Required work:
A line below contains "FRANCE, Charles X", and a later one contains "Флешка 16Gb Smart". Repeat both, with every line between them, exactly.

Records for the exercise:
* * *
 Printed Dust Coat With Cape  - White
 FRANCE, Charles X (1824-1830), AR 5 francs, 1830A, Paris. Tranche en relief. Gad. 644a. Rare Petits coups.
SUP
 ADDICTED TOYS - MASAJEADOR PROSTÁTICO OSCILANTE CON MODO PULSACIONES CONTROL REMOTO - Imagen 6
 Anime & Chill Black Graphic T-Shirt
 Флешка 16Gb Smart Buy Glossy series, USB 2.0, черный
* * *
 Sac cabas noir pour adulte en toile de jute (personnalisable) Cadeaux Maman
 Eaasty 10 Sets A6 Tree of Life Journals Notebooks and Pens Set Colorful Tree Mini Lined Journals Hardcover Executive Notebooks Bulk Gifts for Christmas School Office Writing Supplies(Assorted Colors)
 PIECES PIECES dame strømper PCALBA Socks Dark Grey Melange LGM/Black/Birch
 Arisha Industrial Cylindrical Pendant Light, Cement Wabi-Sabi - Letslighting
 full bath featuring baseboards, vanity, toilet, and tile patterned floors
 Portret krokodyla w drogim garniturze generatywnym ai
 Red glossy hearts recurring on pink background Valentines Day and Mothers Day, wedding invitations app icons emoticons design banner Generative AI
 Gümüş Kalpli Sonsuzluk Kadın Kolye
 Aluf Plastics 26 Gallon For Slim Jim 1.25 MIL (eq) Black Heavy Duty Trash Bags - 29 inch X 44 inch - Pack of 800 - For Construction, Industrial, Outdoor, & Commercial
* * *
Result for this exercise:
 FRANCE, Charles X (1824-1830), AR 5 francs, 1830A, Paris. Tranche en relief. Gad. 644a. Rare Petits coups.
SUP
 ADDICTED TOYS - MASAJEADOR PROSTÁTICO OSCILANTE CON MODO PULSACIONES CONTROL REMOTO - Imagen 6
 Anime & Chill Black Graphic T-Shirt
 Флешка 16Gb Smart Buy Glossy series, USB 2.0, черный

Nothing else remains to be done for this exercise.